Rwandatel’s commitments also included upgrading the network, but this has not been done for the data and mobile segments.
“When we privatised, they were on CDMA. They had to change to GSM, with a clear rollout plan to cover the whole country. The target by 2010 was 70 per cent coverage in urban areas and 60 per cent in rural areas. Today, they have about 50 per cent for both,” Mr Gatarayiha said.
The regulator has also received a series of complaints from the company’s subscribers regarding the ineffectiveness of the company’s Internet modems and high rate of dropped calls.
“Their data network (UMTS) or 3G, is not consistent. They say they have a 3G network but what it achieves in terms of data... is actually below second generation GPRS,” Mr Gatarayiha said.
He added: “Rwandatel has an impact on other sectors of our economy; we can not let matters stay as they are.”
As at September 2010, statistics from Rura indicated that Rwandatel had 535,710 subscribers, putting it third behind MTN Rwanda with 2.3 million and Tigo Rwanda, the new market entrant, with 685,000 users.
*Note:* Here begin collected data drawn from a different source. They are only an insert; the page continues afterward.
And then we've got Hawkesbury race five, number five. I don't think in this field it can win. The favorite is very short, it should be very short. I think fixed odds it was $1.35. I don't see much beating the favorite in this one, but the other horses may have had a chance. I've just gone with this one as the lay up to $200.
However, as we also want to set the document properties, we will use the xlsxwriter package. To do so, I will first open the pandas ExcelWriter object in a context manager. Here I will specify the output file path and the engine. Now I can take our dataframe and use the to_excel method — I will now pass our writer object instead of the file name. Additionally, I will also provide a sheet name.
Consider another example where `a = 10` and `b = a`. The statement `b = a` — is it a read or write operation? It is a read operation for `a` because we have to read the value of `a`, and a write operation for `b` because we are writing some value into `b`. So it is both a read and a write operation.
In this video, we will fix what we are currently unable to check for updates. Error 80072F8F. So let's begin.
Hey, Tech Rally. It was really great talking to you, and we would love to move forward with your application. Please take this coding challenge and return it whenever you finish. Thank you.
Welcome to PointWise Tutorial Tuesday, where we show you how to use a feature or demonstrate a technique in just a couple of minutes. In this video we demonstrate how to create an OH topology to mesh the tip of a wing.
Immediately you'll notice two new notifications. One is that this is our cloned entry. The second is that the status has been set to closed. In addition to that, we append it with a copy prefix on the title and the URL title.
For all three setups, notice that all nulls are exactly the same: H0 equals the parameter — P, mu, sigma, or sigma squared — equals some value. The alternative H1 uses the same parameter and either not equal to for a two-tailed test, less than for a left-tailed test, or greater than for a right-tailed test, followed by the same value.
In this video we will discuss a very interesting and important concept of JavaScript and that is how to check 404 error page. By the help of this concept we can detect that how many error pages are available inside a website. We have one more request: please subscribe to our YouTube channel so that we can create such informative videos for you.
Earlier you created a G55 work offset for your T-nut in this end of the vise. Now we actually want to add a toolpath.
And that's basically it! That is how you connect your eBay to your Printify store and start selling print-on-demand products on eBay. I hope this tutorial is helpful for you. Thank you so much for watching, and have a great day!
Rwandatel has also been sued by MTN Rwanda over an accumulated interconnection fee estimated at $3m.
Sources familiar with the case say both companies are currently seeking an arbitrator after the case could not be handled by Rwanda’s commercial court.
Rwandatel produced a document signed by the two companies indicating that such grievances would be settled through arbitration.
Under the telecommunication services provision regulations, companies should assess and pay each other whatever interconnection fees are due at the end of every month.
In 2008, MTN Rwanda was told to pay Rwf 70 million (about $140,000) in fines to the government regulator for failure to meet contractual obligations, specifically failing to upgrade its network as stipulated in the licence.
Rura says Rwandatel is compelled to comply with the enforcement within one month and is also required to submit an implementation report to the regulator on how it intends to comply.
However, Rwandatel’s communications manager Cleophas Kabasiita says they have appealed against the regulator’s notice.
“It is a decision the management did not agree with as we felt it was unwarranted and unjust, especially at a time when the quality of our network has improved,” he said.
Rwanda’s overall teledensity stands at 31.7 per cent with MTN Rwanda claiming 22 per cent, Tigo 5.3 per cent and Rwandatel 4.4 per cent.